Pajak Mobil Sejuta Umat LCGC Naik Jadi 3%, Apa Kata Toyota?

Primary tabs

Jakarta, CNBC Indonesia - Kementerian Keuangan telah mengajukan rancangan regulasi yang mengatur perubahan skema Pajak Penjualan atas Barang Mewah (PPnBM) untuk kendaraan bermotor roda empat kepada Dewan Perwakilan Rakyat (DPR) pada pertengahan bulan lalu.

Dalam beleid terbaru nanti, pajak kendaraan tidak lagi ditentukan berdasarkan kapasitas mesin, namun dari konsumsi bahan bakar dan emisi karbon dioksida (CO2).

Salah satu poin yang krusial adalah perubahan skema pajak pada hasil produksi program Kendaraan Bermotor Roda Empat yang Hemat Energi dan Harga Terjangkau (KBH2) atau lazim disebut low cost green car (LCGC).

Dalam rancangan skema pajak terbaru nanti, mobil kecil sejuta umat yang menghiasi jalan raya dalam lima tahun terakhir, seperti Toyota Agya, Daihatsu Ayla, Honda Brio Satya, Datsun GO dan GO+ hingga Karimun Wagon R yang selama ini menikmati PPnBM 0% alias bebas pajak akan dinaikkan pajaknya menjadi 3%.

Lantas, bagaimana tanggapan PT Toyota-Astra Motor (TAM) selaku Agen Tunggal Pemegang Merk (ATPM) pemimpin pasar otomotif tanah air?

Marketing Director TAM Anton Jimmi Suwandy menjelaskan, program KBH2 yang diluncurkan lima tahun lalu, tepatnya sebelum pemilu 2014, merupakan program yang sangat sukses. Tidak hanya dari sisi volume penjualan melainkan juga pengembangan industri dengan tingkat kandungan dalam negeri mencapai 95 persen.

"Kami menghargai pemerintah yang tetap melanjutkan program LCGC ini karena sangat banyak digunakan pembeli pertama dan tersebar di seluruh Indonesia. Jadi, program ini benar-benar bisa membuat satu mobil yg dibutuhkan masyarakat," kata Anton usai peluncuran Toyota C-HR Hybrid di The Maj, Senayan, Senin (22/4/2019).

"Kami melihatnya masih sangat positif, meskipun ada aturan baru, kita yakin LCGC bisa berlanjut dengan baik. Kita sudah diberikan insentif oleh pemerintah selama 5 tahun, jadi kami sangat berterimakasih. Mudah-mudahan di regulasi baru LCGC tetap dapat perhatian yang baik dari pemerintah," lanjutnya.

Baca:
Toyota Jelaskan Penyebab Penjualan Mobil Turun Q1-2019

Anton mengaku, rencana kenaikan pajak sebesar 3% bagi LCGC memang menjadi tantangan tersendiri bagi pabrikan, tapi Toyota akan tetap berusaha mempertahankan LCGC di pasar Tanah Air.

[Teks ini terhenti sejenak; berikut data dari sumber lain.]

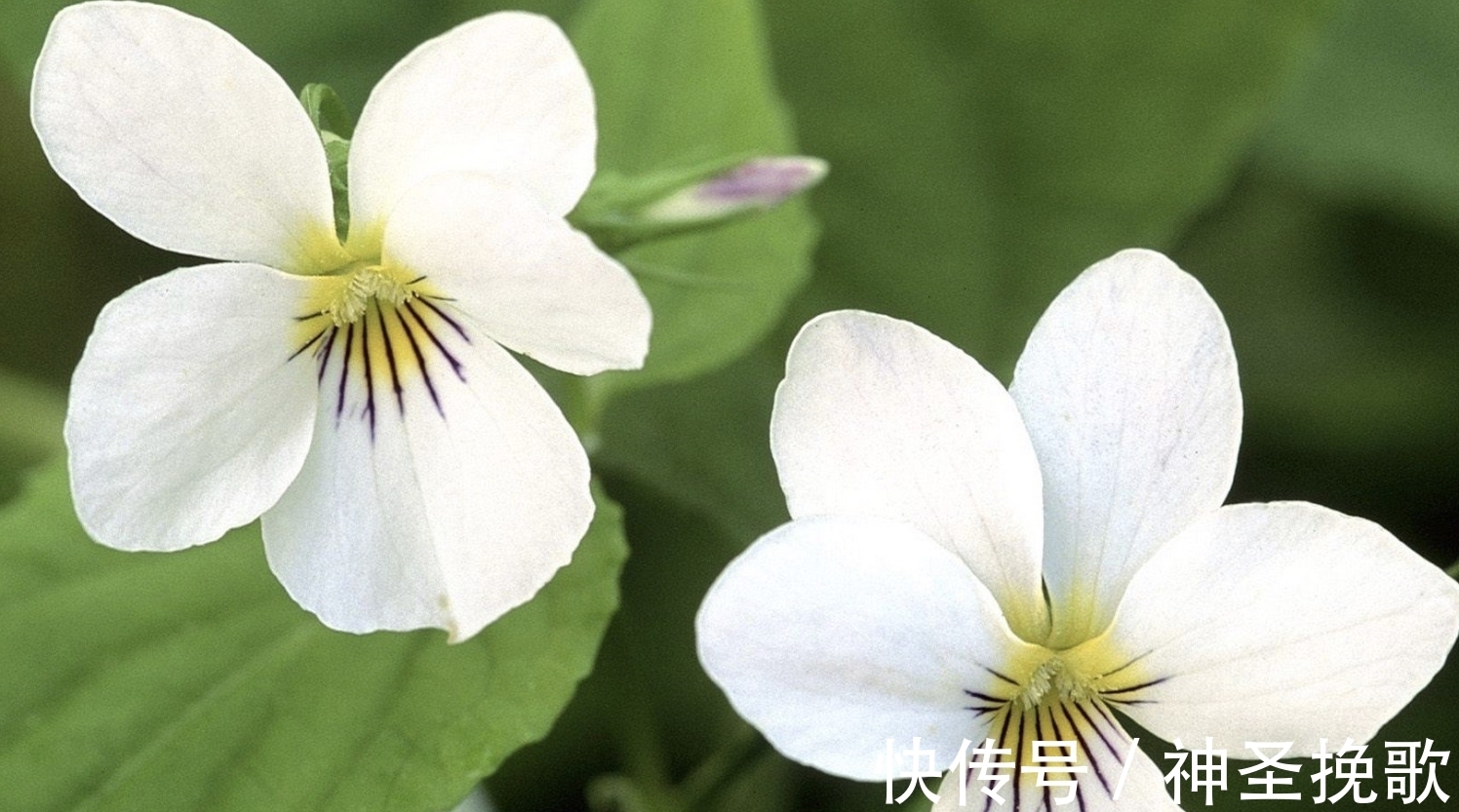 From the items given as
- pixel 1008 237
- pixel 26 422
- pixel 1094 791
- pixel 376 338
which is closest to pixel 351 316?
pixel 376 338

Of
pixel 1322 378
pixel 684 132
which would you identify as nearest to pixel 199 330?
pixel 684 132

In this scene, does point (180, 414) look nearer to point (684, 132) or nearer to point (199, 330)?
point (199, 330)

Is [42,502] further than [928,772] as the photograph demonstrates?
Yes

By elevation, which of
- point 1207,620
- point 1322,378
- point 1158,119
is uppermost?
point 1158,119

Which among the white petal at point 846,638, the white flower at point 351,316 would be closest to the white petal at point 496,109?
the white flower at point 351,316

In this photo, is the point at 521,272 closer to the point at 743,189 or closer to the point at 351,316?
the point at 351,316

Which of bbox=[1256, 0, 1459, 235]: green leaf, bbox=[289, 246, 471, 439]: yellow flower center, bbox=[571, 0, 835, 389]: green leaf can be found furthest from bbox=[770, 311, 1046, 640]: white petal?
bbox=[1256, 0, 1459, 235]: green leaf

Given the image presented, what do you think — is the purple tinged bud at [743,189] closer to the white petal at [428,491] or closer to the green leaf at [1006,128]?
the white petal at [428,491]

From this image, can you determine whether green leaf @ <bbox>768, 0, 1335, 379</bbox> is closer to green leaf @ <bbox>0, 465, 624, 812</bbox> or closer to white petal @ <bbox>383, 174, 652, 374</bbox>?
green leaf @ <bbox>0, 465, 624, 812</bbox> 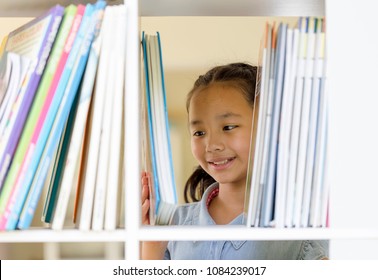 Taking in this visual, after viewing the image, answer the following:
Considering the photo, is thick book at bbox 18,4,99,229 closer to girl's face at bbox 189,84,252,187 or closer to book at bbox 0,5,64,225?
book at bbox 0,5,64,225

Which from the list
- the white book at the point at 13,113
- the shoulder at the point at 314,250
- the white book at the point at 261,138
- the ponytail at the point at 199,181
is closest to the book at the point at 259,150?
the white book at the point at 261,138

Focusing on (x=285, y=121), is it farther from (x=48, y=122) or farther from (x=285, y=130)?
(x=48, y=122)

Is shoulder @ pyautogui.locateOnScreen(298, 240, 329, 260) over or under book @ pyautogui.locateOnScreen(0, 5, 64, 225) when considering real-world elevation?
under

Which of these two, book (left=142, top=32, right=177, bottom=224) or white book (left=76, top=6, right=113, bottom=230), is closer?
white book (left=76, top=6, right=113, bottom=230)

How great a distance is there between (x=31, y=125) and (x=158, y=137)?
0.24 metres

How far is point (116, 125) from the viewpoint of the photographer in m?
0.92

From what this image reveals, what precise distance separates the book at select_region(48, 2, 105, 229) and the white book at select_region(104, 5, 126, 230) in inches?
1.3

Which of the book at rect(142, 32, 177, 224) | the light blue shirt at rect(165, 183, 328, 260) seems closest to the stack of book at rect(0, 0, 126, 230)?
the book at rect(142, 32, 177, 224)

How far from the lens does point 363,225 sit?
93 cm

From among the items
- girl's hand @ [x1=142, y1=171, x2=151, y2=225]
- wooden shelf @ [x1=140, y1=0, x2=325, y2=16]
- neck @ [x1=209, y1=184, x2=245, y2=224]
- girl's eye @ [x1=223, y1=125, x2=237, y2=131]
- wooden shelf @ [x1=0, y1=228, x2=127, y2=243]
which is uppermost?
wooden shelf @ [x1=140, y1=0, x2=325, y2=16]

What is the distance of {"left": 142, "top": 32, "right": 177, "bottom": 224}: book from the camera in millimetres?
1035

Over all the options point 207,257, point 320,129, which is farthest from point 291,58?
point 207,257

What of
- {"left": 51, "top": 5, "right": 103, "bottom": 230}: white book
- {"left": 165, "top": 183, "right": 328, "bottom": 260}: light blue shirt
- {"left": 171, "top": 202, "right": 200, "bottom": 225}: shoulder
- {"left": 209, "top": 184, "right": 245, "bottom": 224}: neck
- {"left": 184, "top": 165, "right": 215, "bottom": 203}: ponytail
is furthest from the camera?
{"left": 184, "top": 165, "right": 215, "bottom": 203}: ponytail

"Secara pangsa pasar memang relatif turun. Agya relatif sudah normal demand sejak dua tahun lalu, tapi Calya baru normal di semester II-2018 hingga sekarang. Jadi, sekarang bukan turun tapi sudah ke normal demand. Di tahun-tahun awal memang spending demand tinggi sekali dan banyak digunakan untuk taksi online, jadi permintaannya tentu berbeda dengan sekarang," ungkap Anton.

TAM telah melakukan kajian dengan principal Toyota di Jepang dan memutuskan program LCGC di Tanah Air akan tetap berlanjut, bahkan dengan adanya skema pajak baru.

"Kita akan berusahalah dengan pabrikan bagaimana mengurangi biaya produksi atau meningkatkan volume penjualan dengan gimmick marketing, dan lain-lain," ujarnya.

Upaya peningkatan teknologi dengan adanya kenaikan pajak diakuinya tidak mudah karena segmen konsumen LCGC adalah pembeli pertama.

"Jujur, ini tidak mudah. Kerja sama Toyota dengan Daihatsu kami harapkan bisa memunculkan inovasi teknologi baru. Dengan pajak naik 3% tentu harga akan naik atau cost tidak tertutup. Tapi pasti pemerintah telah memikirkan langkah selanjutnya," jelas Anton.

Dia pun menambahkan, saat program LCGC diluncurkan lima tahun lalu, pemerintah sudah menyampaikan kepada pabrikan otomotif di Tanah Air bahwa pajak kendaraan KBH2 tidak selamanya akan sebesar 0% alias bebas pajak.

"Kita sudah tahu. Makanya pemerintah berikan waktu selama lima tahun agar lokalisasi [TKDN] ditambah dan volume dijual sebanyak-banyakny supaya menekan ongkos produksi," pungkasnya.